Même si Washington accepte officiellement que Taïwan est une province de la Chine, les États-Unis arment l’île et déploient davantage de forces dans le Pacifique. Pelosi a décrit sa visite comme étant une « déclaration sans équivoque que l’Amérique se tient aux côtés de Taïwan, notre partenaire démocratique, alors qu’il se défend et qu’il défend sa liberté ». Pékin le comprend comme une attaque contre sa souveraineté nationale, une violation de notre position officielle, ainsi que comme une provocation conçue pour attiser des mouvements indépendantistes à Taïwan.

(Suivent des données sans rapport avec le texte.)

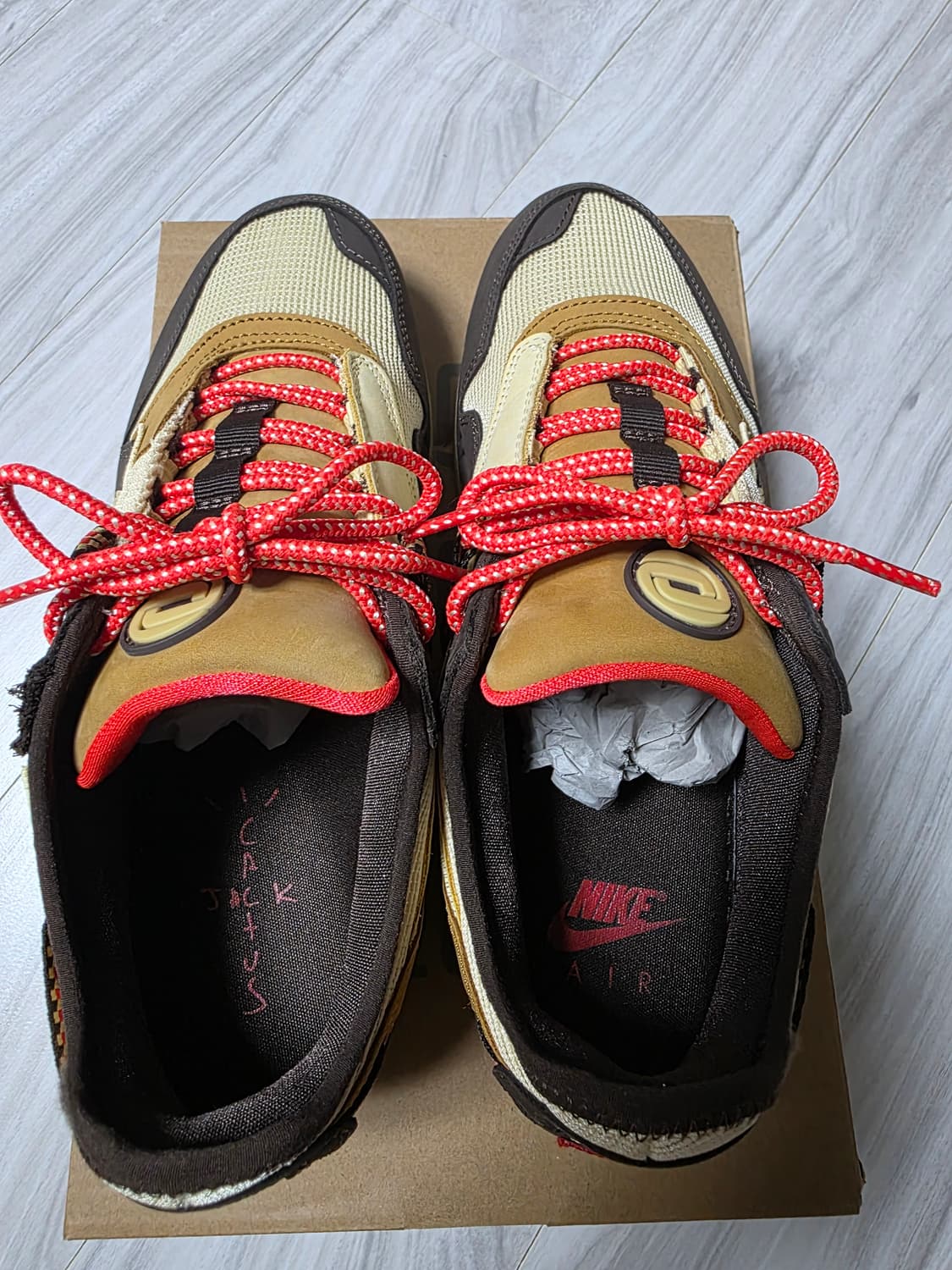 [270] 나이키 x 트래비스 스캇 에어맥스1 캑터스 브라운  상품이미지5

Les partisans de la guerre froide présument que la majeure partie du monde est de notre côté. Il est vrai que nos alliés de l’OTAN se sont ralliés contre la Russie après son invasion de l’Ukraine, mais les deux tiers de la population mondiale, selon The Economist, vivent dans des pays qui refusent de sanctionner la Russie. Une grande partie du monde en développement est sceptique ou pire au sujet des prétentions des États-Unis concernant la démocratie ou l’ordre basé sur des règles. Cela rend les sanctions moins efficaces. Par exemple, les achats de pétrole et de gaz russes par la Chine ont augmenté de 72 % depuis l’invasion de l’Ukraine. Cela révèle aussi la force croissante du « pouvoir de convaincre » de la Chine et la valeur en baisse de la force militaire des États-Unis.

Les grandes puissances déclinent en grande partie pour cause de faiblesse interne et d’échec à s’adapter à des nouvelles réalités. À une époque d’hostilité partisane dangereuse, le consentement bipartisan machinal à une nouvelle guerre froide présente un contraste percutant. Mais les vieilles habitudes ne répondent pas aux nouveaux défis. Ce n’est guère la façon de construire une démocratie américaine vivante.

Katrina vanden Heuvel est rédactrice en chef et éditrice du magazine The Nation. Elle écrit une chronique hebdomadaire pour The Washington Post.